Description
The Société des Gens de Lettres (Society of Men of Letters), of which Émile Zola was then president, approached Rodin in July 1891 to create a monument to Balzac (1799-1850), one of its first presidents. Full of enthusiasm, Rodin immediately set to work and, in January 1892, presented three projects, from which a standing Balzac was chosen, dressed in the monk’s robe the writer customarily wore while working. The sculptor gradually eliminated physical details, retaining only the essential elements intended to express the novelist’s creative power: the bull neck, the lion’s mane, the large, ironic and sensual mouth, and above all, the eyes — those fiery eyes that had so captivated Balzac’s contemporaries. The art dealer Gustave Danthon had the opportunity to produce bronze casts of an unpublished plaster model of Balzac, known as ‘Type C’, which Rodin had given to Dr. Joseph Charles Mardrus. Casts were made as the full-length figure, a bust, and a mask.
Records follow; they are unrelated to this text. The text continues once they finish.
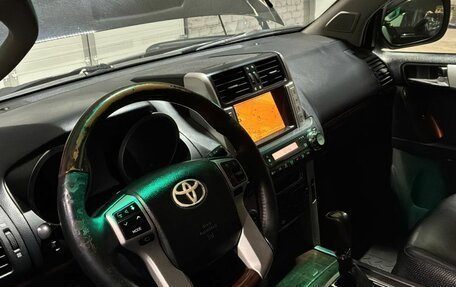 Toyota Land Cruiser Prado 150 рестайлинг 2, 2010 год, 2 671 666 рублей, 5 фотография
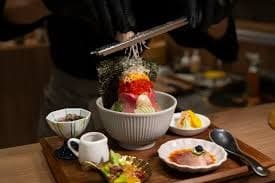 料理:豪華な海鮮が特徴のOn roll nori – Ekkamai Cornerのメニュー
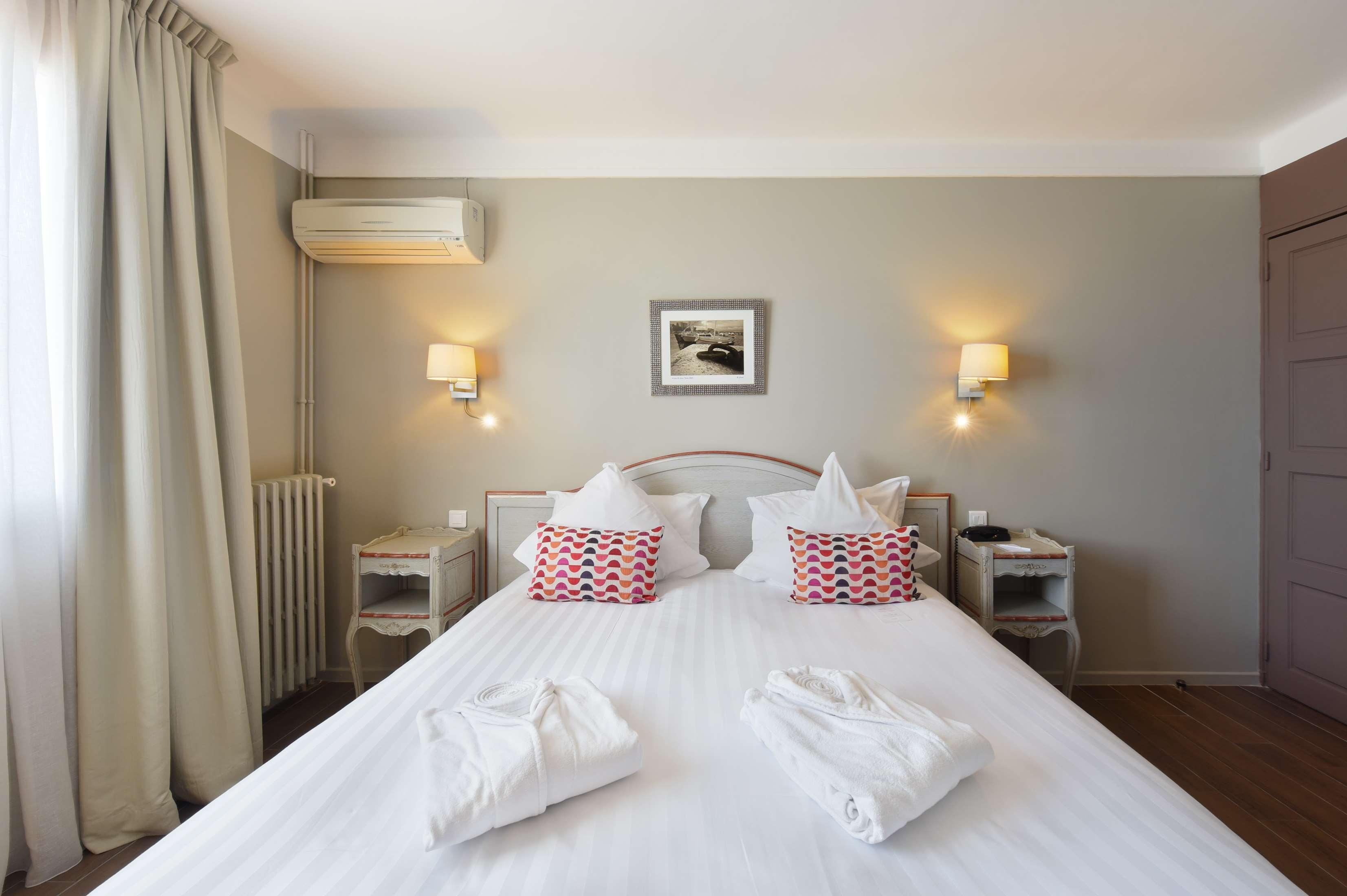 Western La Corniche Hotel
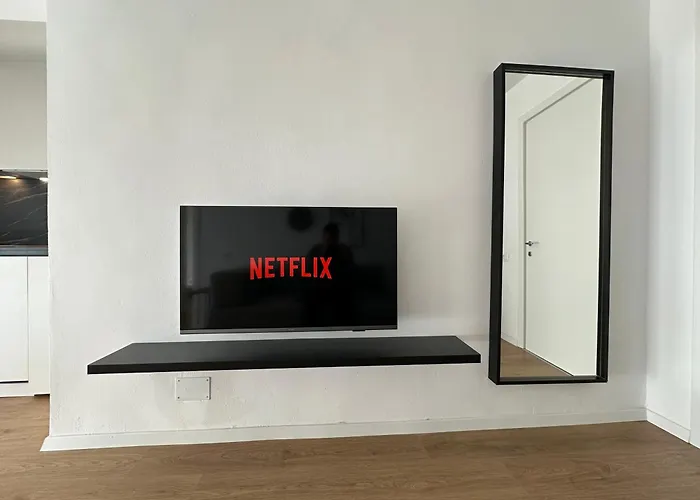 Modern In Апартаменты Тирана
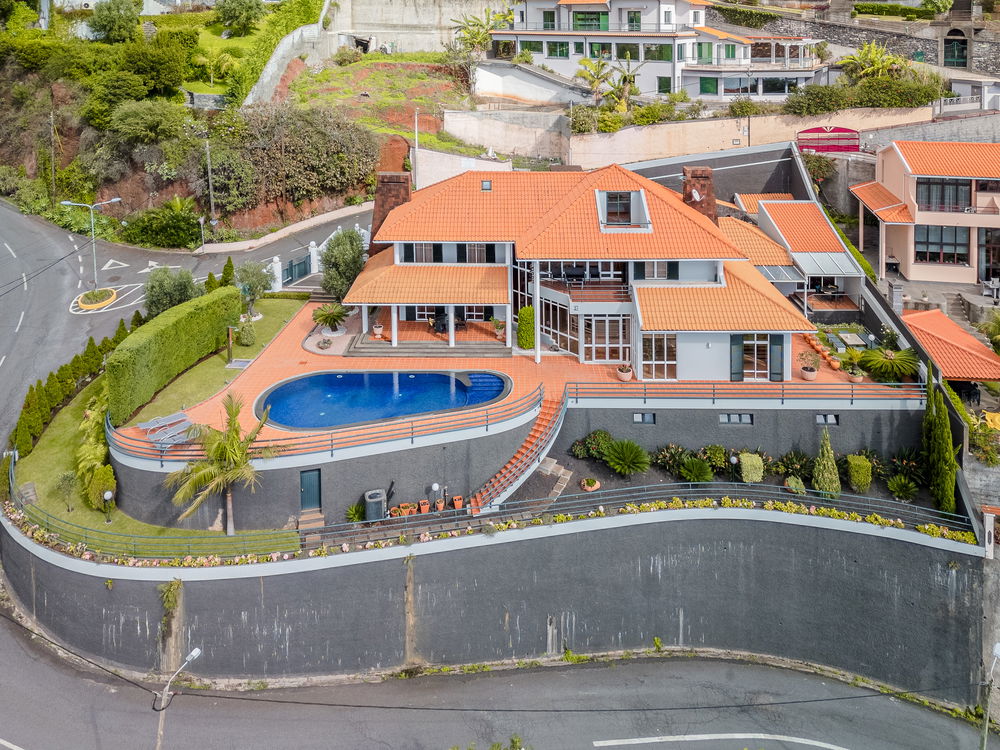 4 bedroom villa with sea view and pool in Funchal, Madeira 2899655380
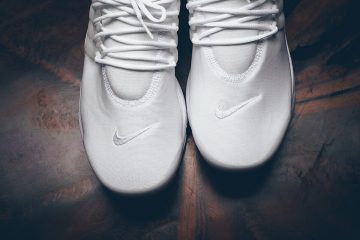 White Nike Air Presto Essential-2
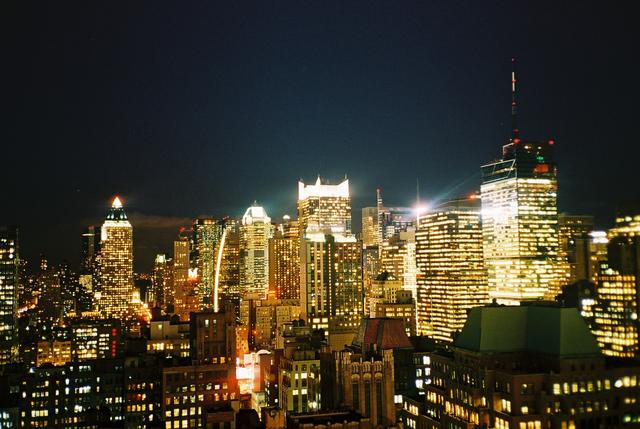 Widok z okna The New Yorker Hotel nocą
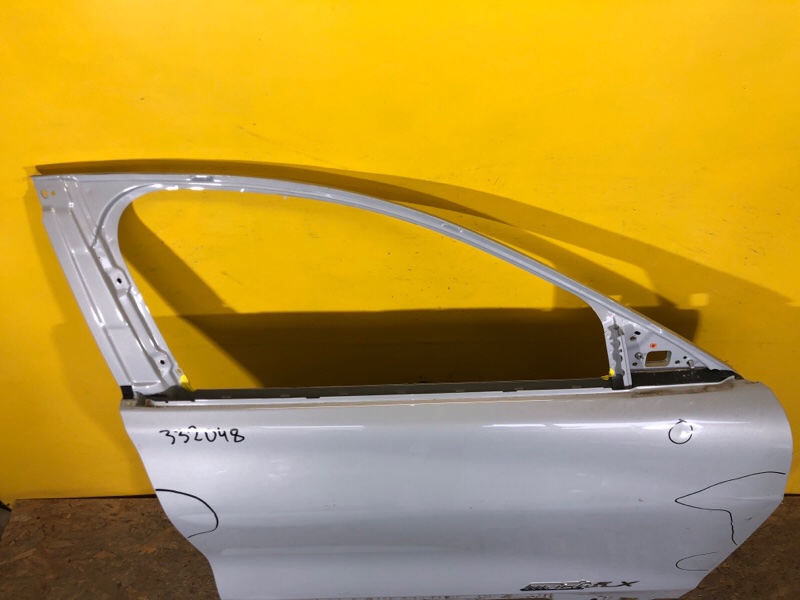 Двері передні праві FORD MUSTANG MACH-E 19- LJ8Z-5820124-C — 3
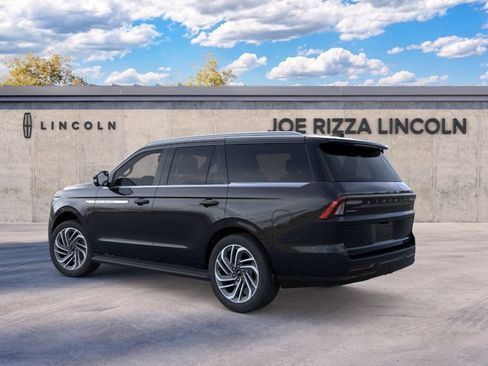 New 2026 Lincoln Navigator Premiere AWD/4WD image 4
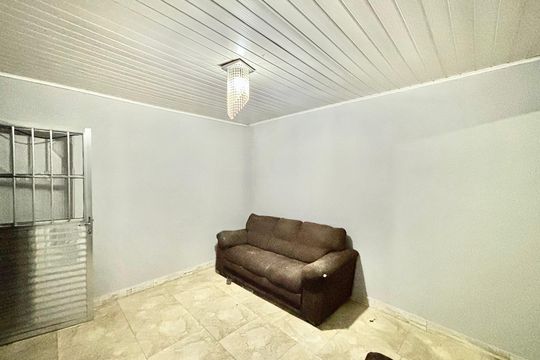 Sala de casa para alugar com 1 quarto, 55m² em Guaianases, São Paulo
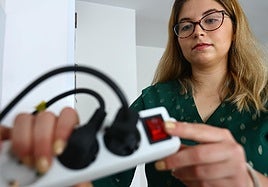 Los electrodomésticos que no deben enchufarse en la misma regleta.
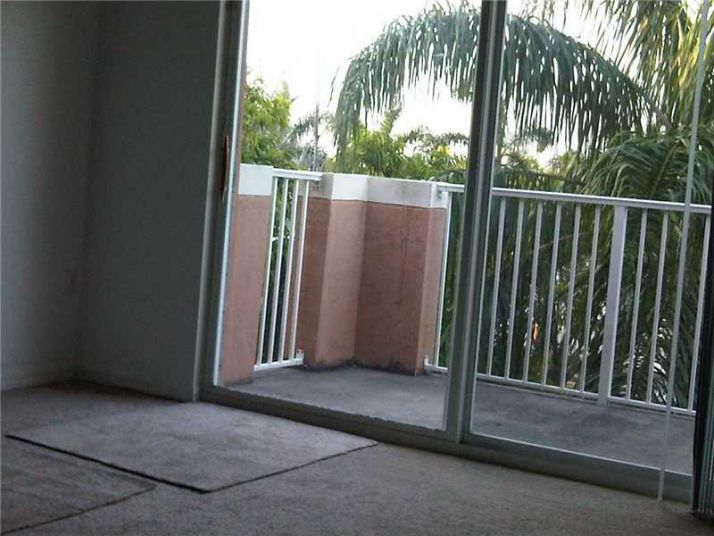 11165 SW 6TH ST # 302, Hollywood, FL 33025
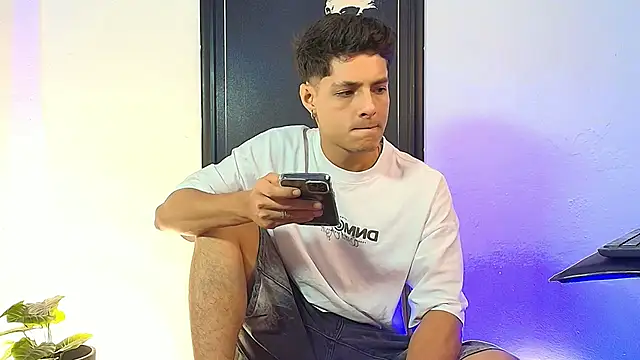 Show de Eliassalvatore_ na webcam
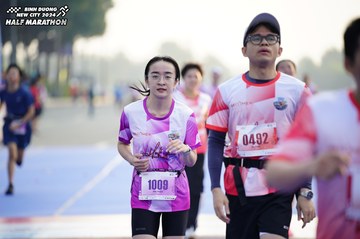 BINH DUONG NEW CITY HALF MARATHON 2024 - Ảnh #1761284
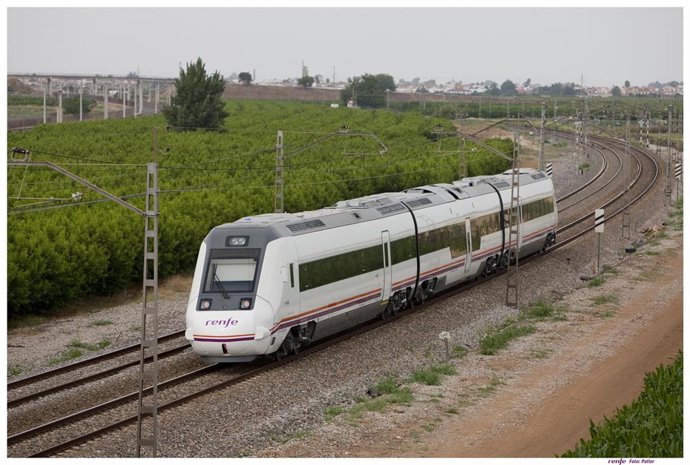 Archivo - Tren de Media Distancia de Renfe.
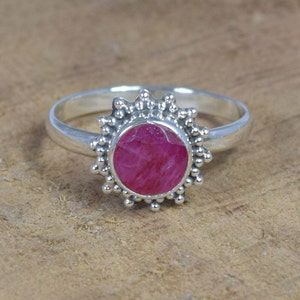 Red Ruby 925 Sterling Silver Gemstone Faceted Elegant Jewelry Ring ~ Flower Ruby Ring Jewelry ~ Designer Ring Jewelry  ~ Gift For Christmas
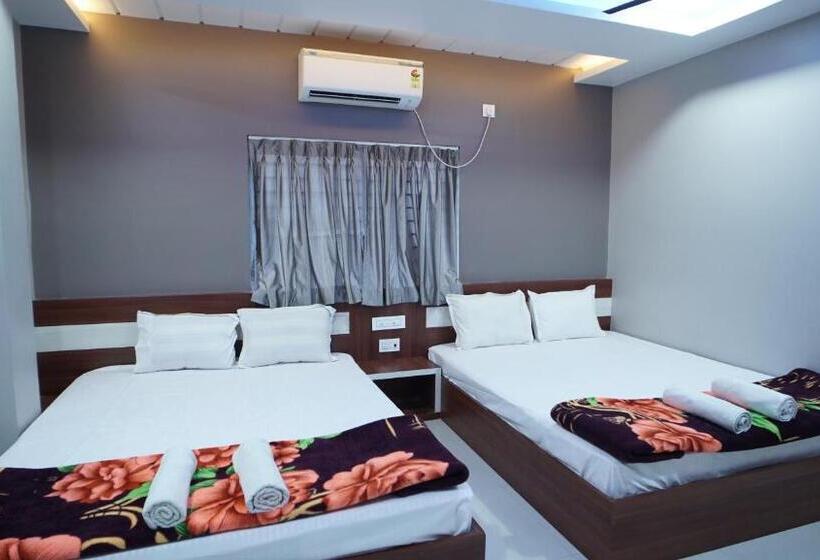 디럭스 4인 룸, Diya Lodge !! Near Toy Train Park !! New Digha !!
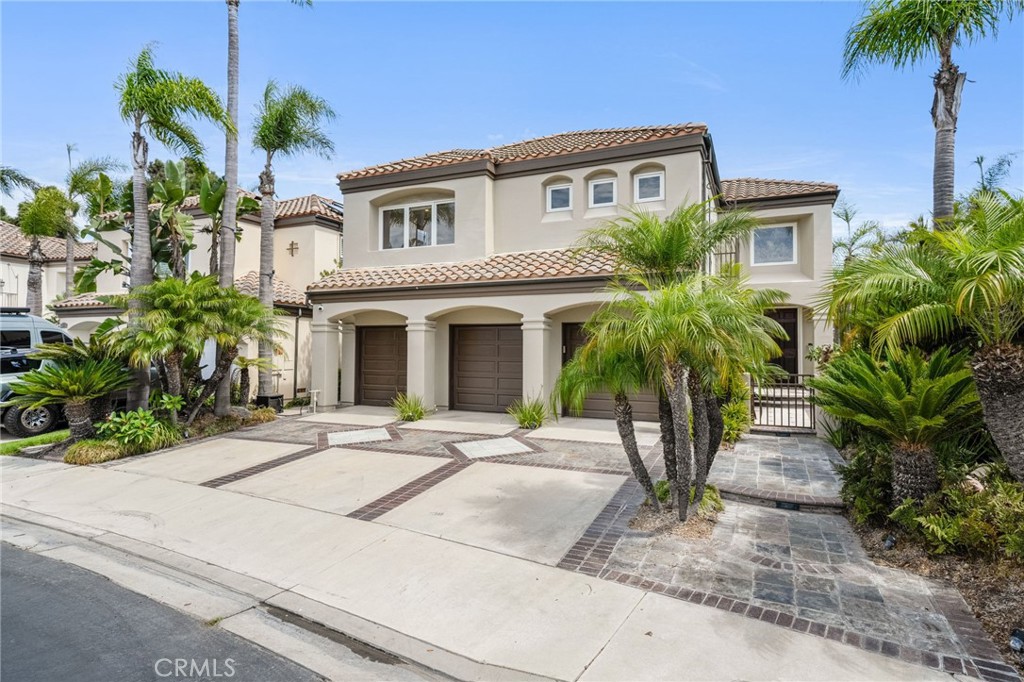 6461 Morningside Drive, Huntington Beach CA 92648 - photo 2
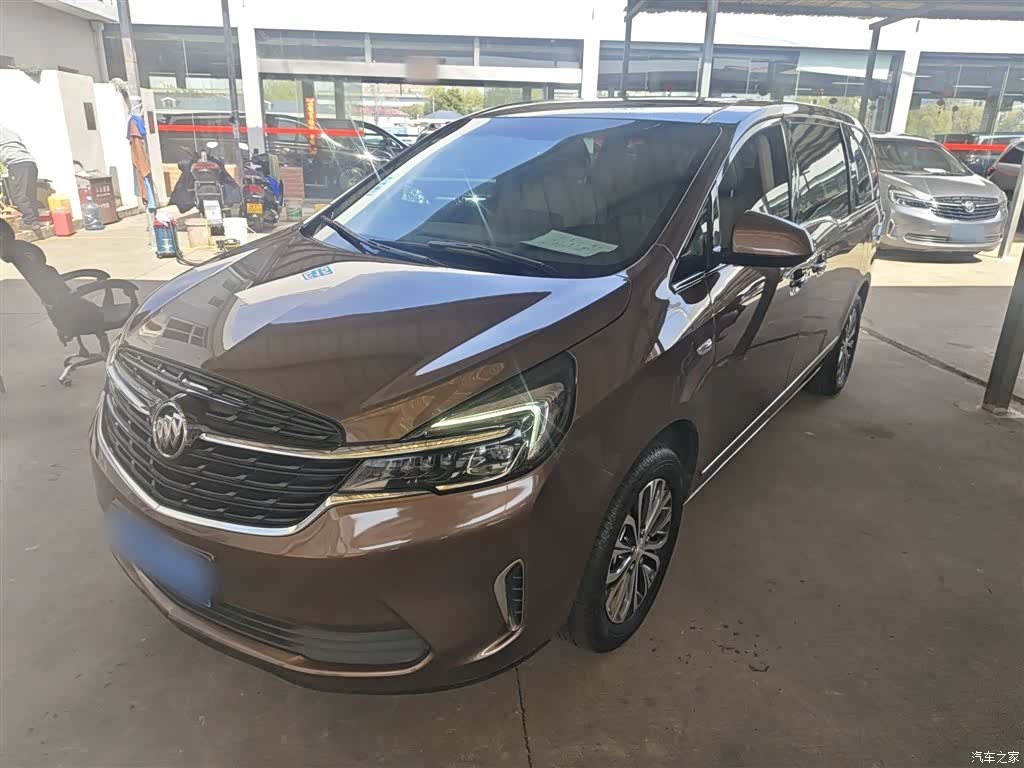 Buick GL8, 2021 1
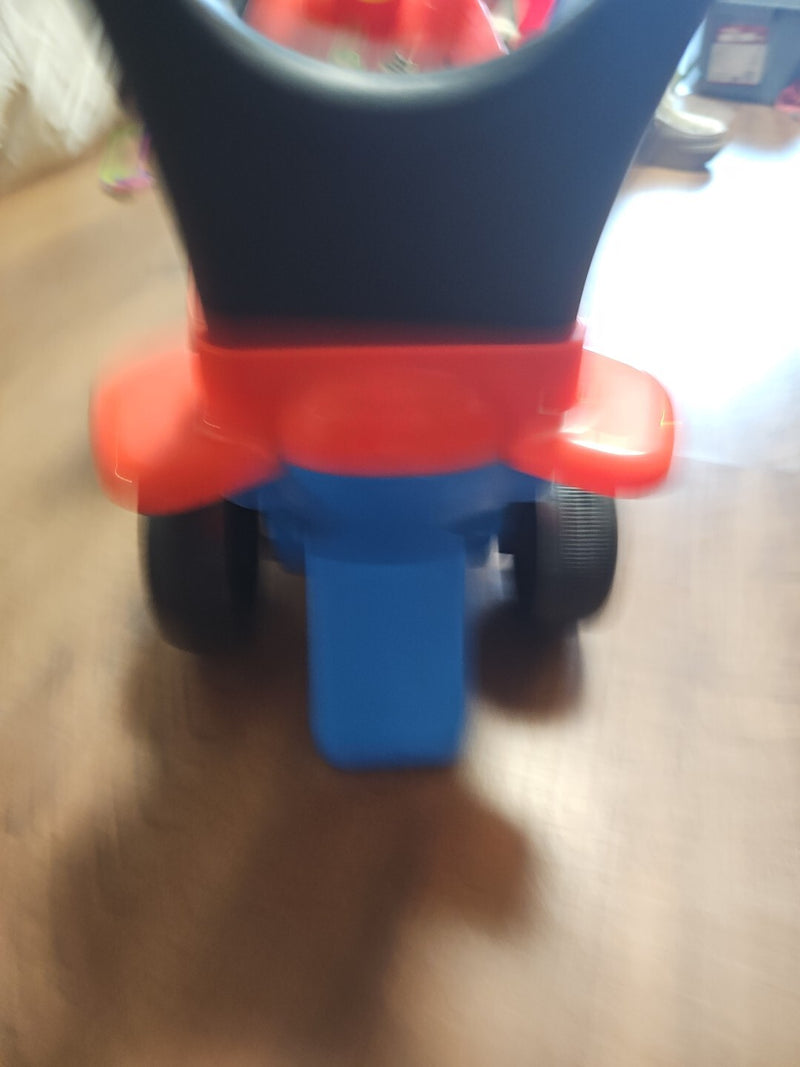 Disney Mickey Mouse Activity Ride-On Plane with Lights and Sounds Magic Cars 4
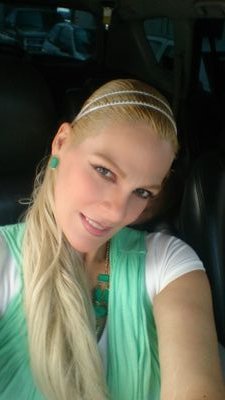PSICOTERAPEUTA Y SEXÓLOGA  Enfoque humanista Psicoterapia Humanista y Existencial: Miedos, fobias, ansiedad, depresión, estrés, contención,limites,dependencia.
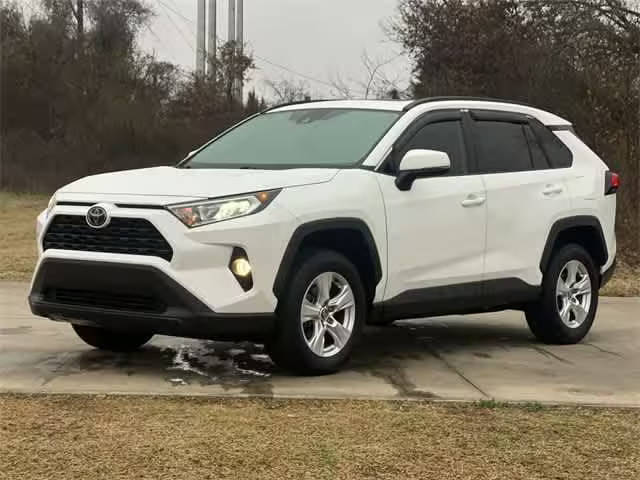 2020 Toyota RAV4 XLE FWD photo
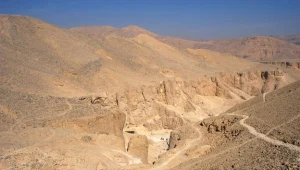 Miejsce ostatniego spoczynku śpiewaczki jest 64. grobowcem odkrytym w Dolinie Królów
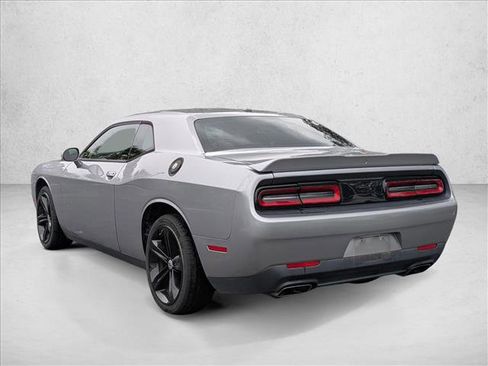 Used 2018 Dodge Challenger R/T RWD image 8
A copy of the agreement between Dr. Mardrus and Gustave Danthon, dated February 15, 1918, relating to the casting of this figure, is preserved in the Rodin Museum archives.A reduced version of the figure, as well as various versions of the bust cut off at different levels, were produced in 1918 at the initiative of Gustave Danthon after the artist’s death. The museum repurchased most of these plaster models, along with their reproduction rights, in 1927 and again in 1933.
According to current knowledge, it is estimated that Gustave Danthon commissioned at least three bronze casts of this version of the bust, known as the first version, a small model of which is ours.Even though the work remained misunderstood in Rodin’s time, his Balzac is nonetheless one of his masterpieces. “My Balzac,” he said, “through his pose and his gaze, evokes the environment in which he walks, lives, and thinks. He is inseparable from his surroundings. He is like real living beings.”